■ What the task asks ■
Set down only what runs from the line containing "Saucony Omni LX" through the last line of the data, exactly as it reads.
========
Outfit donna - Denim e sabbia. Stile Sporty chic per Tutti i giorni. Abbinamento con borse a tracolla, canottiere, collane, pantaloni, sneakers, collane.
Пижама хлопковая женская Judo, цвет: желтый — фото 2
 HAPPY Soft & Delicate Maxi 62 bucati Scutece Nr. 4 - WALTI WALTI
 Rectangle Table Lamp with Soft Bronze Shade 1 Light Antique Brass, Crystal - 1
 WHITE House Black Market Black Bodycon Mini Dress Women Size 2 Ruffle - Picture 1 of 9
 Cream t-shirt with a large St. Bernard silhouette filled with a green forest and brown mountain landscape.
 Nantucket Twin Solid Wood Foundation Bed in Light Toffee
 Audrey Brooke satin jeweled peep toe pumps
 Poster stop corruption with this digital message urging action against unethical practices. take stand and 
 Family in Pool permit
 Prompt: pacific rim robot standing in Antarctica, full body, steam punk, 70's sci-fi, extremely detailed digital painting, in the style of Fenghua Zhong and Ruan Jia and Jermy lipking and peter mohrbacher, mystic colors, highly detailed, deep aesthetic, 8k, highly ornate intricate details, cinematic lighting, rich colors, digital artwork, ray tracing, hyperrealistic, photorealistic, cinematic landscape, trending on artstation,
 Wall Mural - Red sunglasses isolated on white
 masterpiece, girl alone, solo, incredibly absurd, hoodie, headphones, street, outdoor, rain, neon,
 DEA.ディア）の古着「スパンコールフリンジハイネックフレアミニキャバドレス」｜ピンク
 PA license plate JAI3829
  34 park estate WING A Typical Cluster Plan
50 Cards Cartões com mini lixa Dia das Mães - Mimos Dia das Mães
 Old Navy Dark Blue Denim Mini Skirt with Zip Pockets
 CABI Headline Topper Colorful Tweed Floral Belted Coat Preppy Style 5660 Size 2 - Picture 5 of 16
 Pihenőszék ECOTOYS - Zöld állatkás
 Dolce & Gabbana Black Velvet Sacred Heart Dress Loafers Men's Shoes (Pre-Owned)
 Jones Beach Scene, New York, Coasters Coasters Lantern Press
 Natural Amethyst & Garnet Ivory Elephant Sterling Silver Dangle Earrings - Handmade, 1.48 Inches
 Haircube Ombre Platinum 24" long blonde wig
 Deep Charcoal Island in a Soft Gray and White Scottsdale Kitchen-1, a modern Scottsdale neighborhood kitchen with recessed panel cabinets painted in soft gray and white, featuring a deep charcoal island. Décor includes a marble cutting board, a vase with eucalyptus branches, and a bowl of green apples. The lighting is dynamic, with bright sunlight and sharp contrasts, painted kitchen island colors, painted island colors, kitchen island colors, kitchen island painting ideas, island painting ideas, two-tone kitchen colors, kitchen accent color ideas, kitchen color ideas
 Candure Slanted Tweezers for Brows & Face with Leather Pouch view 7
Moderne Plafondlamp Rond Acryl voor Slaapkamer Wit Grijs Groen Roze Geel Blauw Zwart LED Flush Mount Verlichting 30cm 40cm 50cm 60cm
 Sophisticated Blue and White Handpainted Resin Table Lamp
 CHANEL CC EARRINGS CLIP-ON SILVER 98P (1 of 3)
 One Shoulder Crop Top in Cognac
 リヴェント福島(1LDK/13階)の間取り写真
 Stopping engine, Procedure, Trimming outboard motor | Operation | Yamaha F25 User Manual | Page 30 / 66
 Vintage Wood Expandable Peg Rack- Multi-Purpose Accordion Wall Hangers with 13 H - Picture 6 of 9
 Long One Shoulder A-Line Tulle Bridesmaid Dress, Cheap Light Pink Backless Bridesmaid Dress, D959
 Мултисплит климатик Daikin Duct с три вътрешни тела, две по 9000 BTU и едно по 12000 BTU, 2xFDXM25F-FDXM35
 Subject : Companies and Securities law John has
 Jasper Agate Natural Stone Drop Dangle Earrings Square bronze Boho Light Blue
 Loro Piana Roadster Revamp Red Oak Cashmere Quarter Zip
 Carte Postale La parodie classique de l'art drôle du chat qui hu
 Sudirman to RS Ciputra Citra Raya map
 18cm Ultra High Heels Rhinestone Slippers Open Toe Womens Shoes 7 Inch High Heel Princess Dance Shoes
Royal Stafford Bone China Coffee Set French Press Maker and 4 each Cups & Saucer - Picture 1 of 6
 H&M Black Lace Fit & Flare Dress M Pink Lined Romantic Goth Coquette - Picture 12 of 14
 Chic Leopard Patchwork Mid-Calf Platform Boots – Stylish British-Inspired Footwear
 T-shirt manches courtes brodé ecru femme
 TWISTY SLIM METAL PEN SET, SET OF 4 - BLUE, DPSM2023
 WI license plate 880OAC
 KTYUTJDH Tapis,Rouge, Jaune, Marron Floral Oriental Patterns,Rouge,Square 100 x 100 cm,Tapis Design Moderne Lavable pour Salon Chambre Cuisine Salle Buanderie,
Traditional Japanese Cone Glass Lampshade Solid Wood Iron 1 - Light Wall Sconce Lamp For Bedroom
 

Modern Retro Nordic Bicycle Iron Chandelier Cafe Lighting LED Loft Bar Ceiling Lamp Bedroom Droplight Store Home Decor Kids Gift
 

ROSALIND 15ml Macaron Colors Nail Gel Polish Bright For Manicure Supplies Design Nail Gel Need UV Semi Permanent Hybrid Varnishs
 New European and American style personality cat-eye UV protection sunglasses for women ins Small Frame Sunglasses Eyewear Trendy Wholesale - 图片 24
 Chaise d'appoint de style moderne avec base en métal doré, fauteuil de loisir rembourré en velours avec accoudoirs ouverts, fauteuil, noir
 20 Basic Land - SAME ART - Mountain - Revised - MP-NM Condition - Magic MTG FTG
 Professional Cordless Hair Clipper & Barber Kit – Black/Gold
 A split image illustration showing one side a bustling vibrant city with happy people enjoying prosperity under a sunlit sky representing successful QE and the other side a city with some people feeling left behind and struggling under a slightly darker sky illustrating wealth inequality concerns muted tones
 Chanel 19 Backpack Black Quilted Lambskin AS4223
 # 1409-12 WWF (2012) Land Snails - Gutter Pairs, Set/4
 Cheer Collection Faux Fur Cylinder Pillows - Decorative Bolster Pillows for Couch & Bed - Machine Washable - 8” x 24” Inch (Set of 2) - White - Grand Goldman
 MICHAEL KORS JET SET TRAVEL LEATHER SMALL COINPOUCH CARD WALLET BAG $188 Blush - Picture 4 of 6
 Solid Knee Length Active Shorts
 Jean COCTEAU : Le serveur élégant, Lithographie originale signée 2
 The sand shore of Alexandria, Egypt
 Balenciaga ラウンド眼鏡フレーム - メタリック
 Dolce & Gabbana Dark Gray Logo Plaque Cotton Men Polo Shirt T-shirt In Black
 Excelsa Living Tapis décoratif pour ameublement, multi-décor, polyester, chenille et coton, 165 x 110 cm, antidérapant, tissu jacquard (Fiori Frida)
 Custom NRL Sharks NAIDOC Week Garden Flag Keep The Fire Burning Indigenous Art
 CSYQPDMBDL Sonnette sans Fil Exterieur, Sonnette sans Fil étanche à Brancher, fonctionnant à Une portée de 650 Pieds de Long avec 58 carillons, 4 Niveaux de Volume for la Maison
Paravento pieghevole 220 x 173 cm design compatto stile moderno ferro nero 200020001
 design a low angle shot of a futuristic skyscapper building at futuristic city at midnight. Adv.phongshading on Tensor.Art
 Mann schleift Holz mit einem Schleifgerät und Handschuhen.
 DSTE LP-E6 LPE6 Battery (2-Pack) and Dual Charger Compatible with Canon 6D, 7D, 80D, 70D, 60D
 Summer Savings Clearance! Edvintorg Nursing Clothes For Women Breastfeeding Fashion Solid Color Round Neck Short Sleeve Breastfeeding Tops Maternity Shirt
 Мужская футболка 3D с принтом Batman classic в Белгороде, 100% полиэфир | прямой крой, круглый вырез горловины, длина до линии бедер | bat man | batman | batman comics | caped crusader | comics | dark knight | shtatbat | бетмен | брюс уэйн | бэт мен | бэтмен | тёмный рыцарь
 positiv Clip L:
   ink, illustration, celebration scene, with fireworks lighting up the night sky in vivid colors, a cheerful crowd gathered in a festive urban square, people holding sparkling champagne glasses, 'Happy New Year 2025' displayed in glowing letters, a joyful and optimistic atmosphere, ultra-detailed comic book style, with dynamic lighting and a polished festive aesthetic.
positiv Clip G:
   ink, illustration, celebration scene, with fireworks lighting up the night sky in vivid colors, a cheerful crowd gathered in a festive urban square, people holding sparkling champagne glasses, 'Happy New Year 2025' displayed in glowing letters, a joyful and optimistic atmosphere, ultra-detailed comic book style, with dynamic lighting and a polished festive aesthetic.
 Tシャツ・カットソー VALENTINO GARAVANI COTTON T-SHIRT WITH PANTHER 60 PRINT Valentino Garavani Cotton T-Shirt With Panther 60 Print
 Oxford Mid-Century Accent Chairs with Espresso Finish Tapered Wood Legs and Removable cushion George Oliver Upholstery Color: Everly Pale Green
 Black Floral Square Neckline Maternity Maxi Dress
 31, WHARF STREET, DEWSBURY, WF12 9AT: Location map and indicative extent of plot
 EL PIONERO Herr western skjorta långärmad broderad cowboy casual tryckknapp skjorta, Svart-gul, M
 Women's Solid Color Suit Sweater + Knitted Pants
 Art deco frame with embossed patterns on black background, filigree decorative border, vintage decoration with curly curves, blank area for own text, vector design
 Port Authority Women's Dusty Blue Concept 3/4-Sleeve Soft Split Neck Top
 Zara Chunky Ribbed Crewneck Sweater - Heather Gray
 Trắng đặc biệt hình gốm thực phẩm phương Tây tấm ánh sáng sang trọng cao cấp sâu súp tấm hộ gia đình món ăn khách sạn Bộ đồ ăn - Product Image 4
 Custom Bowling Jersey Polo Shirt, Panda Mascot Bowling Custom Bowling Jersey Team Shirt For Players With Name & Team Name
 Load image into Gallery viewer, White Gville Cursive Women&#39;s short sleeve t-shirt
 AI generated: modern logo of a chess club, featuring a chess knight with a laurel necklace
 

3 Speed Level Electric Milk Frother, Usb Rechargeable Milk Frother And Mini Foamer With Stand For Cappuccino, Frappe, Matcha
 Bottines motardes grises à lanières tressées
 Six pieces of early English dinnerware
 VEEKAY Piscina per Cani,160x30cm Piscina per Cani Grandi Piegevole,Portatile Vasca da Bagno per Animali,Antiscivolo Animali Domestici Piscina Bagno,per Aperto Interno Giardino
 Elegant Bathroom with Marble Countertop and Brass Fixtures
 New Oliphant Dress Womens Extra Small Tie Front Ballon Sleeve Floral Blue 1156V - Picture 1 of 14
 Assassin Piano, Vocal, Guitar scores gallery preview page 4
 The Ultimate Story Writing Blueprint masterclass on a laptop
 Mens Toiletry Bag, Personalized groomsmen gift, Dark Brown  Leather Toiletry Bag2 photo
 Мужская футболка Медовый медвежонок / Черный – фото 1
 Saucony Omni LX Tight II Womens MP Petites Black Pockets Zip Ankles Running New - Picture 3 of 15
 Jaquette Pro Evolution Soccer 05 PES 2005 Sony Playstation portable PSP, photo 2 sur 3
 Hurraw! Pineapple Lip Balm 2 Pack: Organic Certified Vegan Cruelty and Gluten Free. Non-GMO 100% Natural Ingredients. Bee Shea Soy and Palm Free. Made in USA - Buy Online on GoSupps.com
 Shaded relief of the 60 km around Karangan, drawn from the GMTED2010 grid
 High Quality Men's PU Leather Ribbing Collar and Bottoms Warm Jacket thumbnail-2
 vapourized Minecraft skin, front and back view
========
■ Solved problem ■
 Saucony Omni LX Tight II Womens MP Petites Black Pockets Zip Ankles Running New - Picture 3 of 15
 Jaquette Pro Evolution Soccer 05 PES 2005 Sony Playstation portable PSP, photo 2 sur 3
 Hurraw! Pineapple Lip Balm 2 Pack: Organic Certified Vegan Cruelty and Gluten Free. Non-GMO 100% Natural Ingredients. Bee Shea Soy and Palm Free. Made in USA - Buy Online on GoSupps.com
 Shaded relief of the 60 km around Karangan, drawn from the GMTED2010 grid
 High Quality Men's PU Leather Ribbing Collar and Bottoms Warm Jacket thumbnail-2
 vapourized Minecraft skin, front and back view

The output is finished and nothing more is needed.